However, it is the only general algorithm I know of for continuous constraint satisfaction problems, not being limited to finite domains or to constraints of a particular form, such as linear systems or polynomials. (It only requires that the constraints be computable, which turns out to imply a particular kind of continuity.)

It’s not completely trivial to get right, because strictly speaking, in the form I’ve described, it only guarantees that it wasn’t able to prove that no points in the selected region satisfy the constraints, not that any of them do. For example, a simple implicit function grapher I wrote using interval arithmetic suggests that there may be zeroes anywhere the implicit function has a singularity, because the result of dividing by an interval containing zero is the interval (-∞,+∞), which contains 0. But small regions around such a singularity will typically not contain any zeroes or even numbers close to zero.

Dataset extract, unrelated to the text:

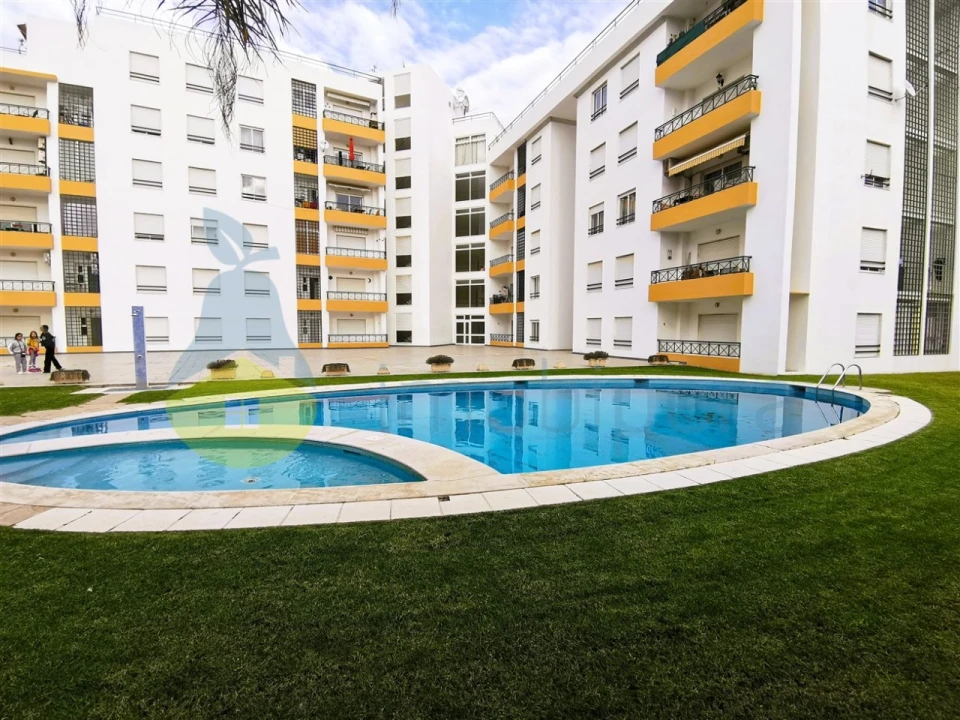 Apartamento T2 para Venda em Armação de Pera Foto 1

There are lots of tweaks you can apply to this algorithm, and as with other kinds of recursive search algorithms, even fairly minor improvements can have enormous effects on efficiency, since they exponentially reduce the number of nodes searched. Some of the things I’ve been thinking about are priority queues of regions by size, a tighter interval representation that approximates results by =a linear function of input variables over a given input interval, three-way partitioning, and choosing partition locations to be closer to the part of the region most likely to be feasible.

Intervals and optimization

By the same token, you can use interval arithmetic to solve mathematical optimization problems by recursive subdivision.

Intervals and logic

I don’t know how interval arithmetic combines with theorem proving.

Array computation

Array languages are not merely languages which support arrays, as almost every programming language does. They are languages in which arrays are first-class values that support aggregate arithmetic and computational operations. They were born in the form of APL in 1957–1962, but in the 1980s spawned S, IDL, and MATLAB, and since then have spawned the languages R, J, K, A+, and Lush, and the Python library Numpy, the Perl library PDL, and most recently the neural-network-focused libraries TensorFlow and Theano.

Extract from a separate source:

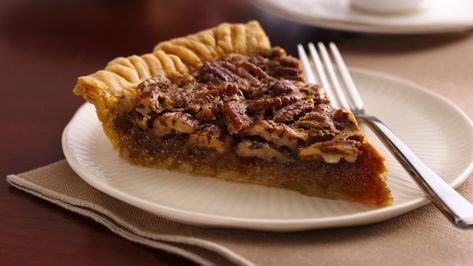 Golden Pecan Pie Recipe - Pillsbury.com Old Fashioned Pecan Pie Recipe, Healthy Pecan Pie, Desserts Drinks, Bourbon Pecan Pie, Pecan Pie Easy, Karo Syrup, Chocolate Pecan Pie, Boozy Desserts, King Food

Typically the arrays are of arbitrary dimensionality, and sometimes they may be called “tensors” or something else.

Fitting a program into the array-programming style requires a different kind of thinking than the mainstream record-oriented or object-oriented style which evolved, as far as I can tell, from 1950s business data processing on machines with a few kilobytes of RAM and tape drives. I find it very awkward.

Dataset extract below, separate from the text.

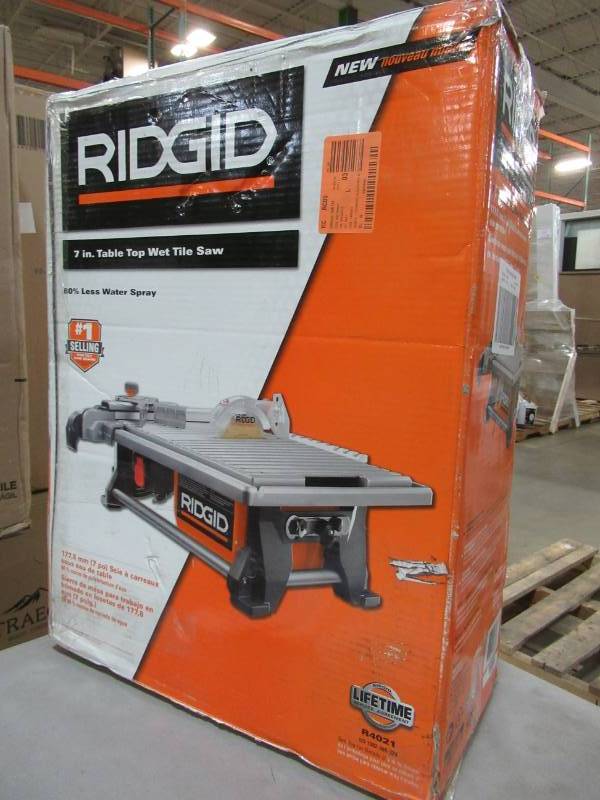lot 151 image: RIDGID 120-Volt 7 in. Table Top Wet Tile Saw, R4021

There are two or three interesting advantages of this way of doing things that induce me to keep trying it:

  1. Efficient execution. Originally this was only an advantage for interpreted implementations like the original APLs, Numpy, or old versions of MATLAB; it just pulls the interpretation overhead out of your algorithm’s inner loop. So C and FORTRAN programmers scoffed, since at best it got you from wasting 99% of your CPU to wasting 50% of it. Nowadays it’s becoming an advantage even compared to C, C++, or Fortran (TensorFlow originated as a C++ library) because the array aggregate operations can be compiled efficiently onto a GPU. The array operations are generally explicitly parallel, rather than implicitly so as more imperative code usually is. (R0ml Lefkowitz is the first person I remember making this observation.)

  2. Terser code. By making most loops implicit, arguably the code strips away much of the inessential implementation complexity and reveals the intention of the programmer more clearly. I feel like this can go either way, but this may be a function of my inexperience with the paradigm.

  3. More abstract and thus more flexible code. Typically the code a*b with an array language or library could mean (in Python notation) any of [ai*bi for ai, bi in zip(a, b)], [a*bi for bi in b], [ai*b for ai in a] just a*b, or even [[aij*bij for aij, bij in zip(ai, bi)] for ai, bi in zip(a, b)], and which one depends on which of the two is a vector or array. This works to your advantage more often than you’d think; if you write a plotting function that takes arrays of X-coordinates, Y-coordinates, and point colors, it will generally just fall out that you can pass in a single color instead of an array of colors when that’s what you want. This depends, however, on the detailed design of the aggregate operations provided by a particular language, and sometimes it fails in surprising ways. (And I’m not sure it applies at all to TensorFlow and Theano.)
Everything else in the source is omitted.